According to the PSR, in 1987, Flores became Kyle Lindquist's source for marijuana in El Paso, Texas. Flores obtained the marijuana, recruited Ramon Alire, Jose Villegas, and Adrian Corral to transport it, and coordinated shipments and transfers of money. Alire eventually began supplying marijuana to Lindquist with Villegas's help and without Flores's knowledge. The PSR recommended a two-level enhancement pursuant to U.S.S.G. Sec. 3B1.1(c), based upon Flores's role in the offense as an organizer, leader, manager, or supervisor.

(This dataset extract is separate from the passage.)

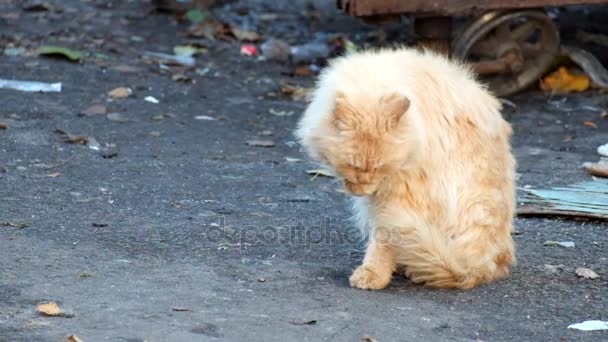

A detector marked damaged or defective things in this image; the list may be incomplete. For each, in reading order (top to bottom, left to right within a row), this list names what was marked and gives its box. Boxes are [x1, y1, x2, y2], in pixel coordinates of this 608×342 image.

rusty metal object [338, 0, 608, 17]
rusty metal wheel rim [452, 10, 560, 95]
rusty metal object [454, 10, 560, 95]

In his written objections, Flores did not specifically object to the factual allegations in the PSR, but asserted that it incorrectly recommended a two-level increase. He cited the paragraphs in the report that detailed his activities and contended that his role was essentially equal to that of the couriers as evidenced by their actions in providing Lindquist with marijuana without his knowledge or participation. At sentencing, Flores's counsel essentially argued that the information in the PSR was insufficient to support a finding that Flores was an organizer, leader, manager, or supervisor. The government offered no evidence. The district court adopted the factual statements of the PSR and determined that Flores should receive a two-level enhancement for his role in the offense.

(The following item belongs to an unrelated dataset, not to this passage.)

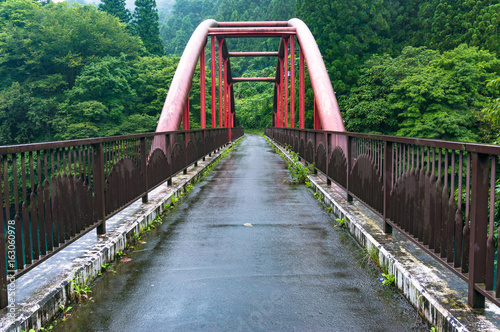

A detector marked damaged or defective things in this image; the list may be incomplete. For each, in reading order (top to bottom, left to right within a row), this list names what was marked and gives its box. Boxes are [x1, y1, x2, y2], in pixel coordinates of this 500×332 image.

"A 'presentence report is not evidence and is not a legally sufficient basis for making findings on contested issues of material fact.' " United States v. Wise, 976 F.2d 393, 404 (8th Cir.1992) (en banc), cert. denied, --- U.S. ----, 113 S.Ct. 1592, 123 L.Ed.2d 157 (1993) (quoting United States v. Streeter, 907 F.2d 781, 791-92 (8th Cir.1990)). If a defendant objects to a factual allegation in the PSR, the court must either make a finding on the disputed allegation or a determination that such a finding is not necessary because it will not consider the challenged fact when imposing sentence. See Fed.R.Crim.P. 32(c)(3)(D). If the court decides to consider the challenged fact, "the government must introduce evidence sufficient to convince the Court by a preponderance of the evidence that the fact in question exists." Streeter, 907 F.2d at 792. However, "[i]n the absence of objection alerting the Court to the need for a specific finding, the Court may rely on the presentence report." Id. Further, "the Government's obligation to present evidence in support of a PSR's factual statements only arises for the facts the defendant disputes." United States v. Montanye, 996 F.2d 190, 193 (8th Cir.1993) (en banc).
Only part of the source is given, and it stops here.